The notification must be done within 24 hours of detecting and assessing such an event. The states are required to notify the regional WHO contact points through the National IHR focal points. These focal and contact points have to remain available 24 hours a day for seven days. Currently there are 193 focal points and 6 contact points.

In order for countries to be able to efficiently and effectively detect such events, they need to have adequate surveillance capacities and infrastructure. The IHR lays down the standards for such core capacities which every state is required to develop including legislations like national plans.

Upon notifying, the WHO and the state party jointly asses the event to understand the nature and extent of the risks. The director general, assisted by the Emergency committee of WHO, declares the event to be a PHEIC after a thorough review. The WHO also maintains an IHR information site to facilitate proper information sharing to all state parties which is accessible by the national IHR focal points. The WHO then gives recommendations and also develops appropriate response and containment strategies.

The most important part about containment is to prevent the international spread. This is especially relevant in today’s scenario as trade and travel form an important part of economic obligations of every country. Further, the world today is a small place, every region is accessible with multiple modes of transport. So, the IHR focuses at international airports, ports as well as ground crossings. States are required to designate these points of entry to develop certain core capacities. These include appropriate medical services with diagnostic capacities, services for transport of ill persons, maintenance of plan and facilities to apply emergency measures such as quarantine. This ensures that these points of entry are equipped to handle a variety of public health emergencies.

 

 

India’s position

Let’s see how India is implementing the IHR to tackle the corona virus.

The covid19 after first being detected in china has now spread to over 90 countries with 101,923 cases and 3486 deaths. As of 08/03/20, the Indian health ministry has reported the total number of cases to be 34.

Screening is being done in India at 30 airports having international operations. A total of 7,26,122 passengers have been screened so far from 7,108 flights. All passengers are required to fill the self reporting form.

First, thermal screening is done at the airports ,ports and ground crossing. The individuals with fever are picked out by this and sent to the designated hospitals for further tests. The patients are isolated for 14-21 days till the test results are received. If positive, the patient is sent for treatment and all their contacts are traced,with whom the same procedure is followed.

The health ministry has provided all states with the Containment action plan and conducted a national level training workshop for all hospitals on the management of covid19. Officers have been designated for every state to review their preparedness.

52 laboratories are currently operational for testing for covid19 and have been provided by the necessary equipment and materials.

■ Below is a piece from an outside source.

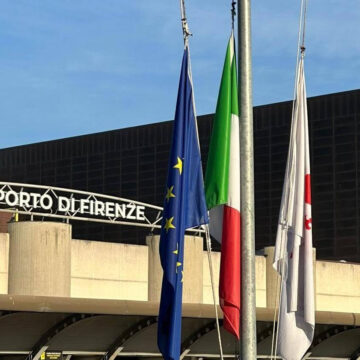 bandiere_firenze1 TRASPORTI. TOSCANA. TOSCANA AEROPORTI, RECORD DI PASSEGGERI A NOVEMBRE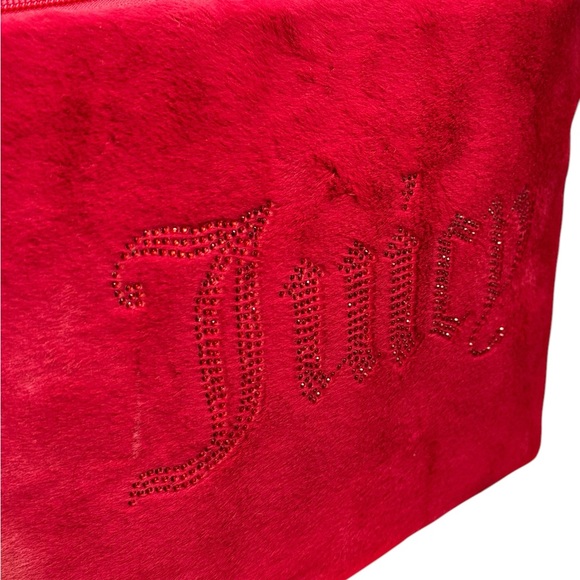 NWT JUICY COUTURE FURRY COSMETIC POUCH - Picture 5 of 7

International spread is being restricted by suspending visas to nationals from Italy, South Korea and Japan and Indians citizens have been advised to avoid travelling to the same locations.

Apart from this, the general public is being educated about the preventive measures.

Times like these are when there is an atmosphere of panic everywhere, people don’t know what to do. There is much uncertainty even amongst the healthcare personnel especially in the developing countries with limited resources who themselves are at high risk of contracting the infection. The virus is new, the disease unknown and it’s like grappling with the killer in the dark. It is at such times that the IHR provide a beacon of light, unite all countries in tackling the issue with complete cooperation, harmony and efficiency.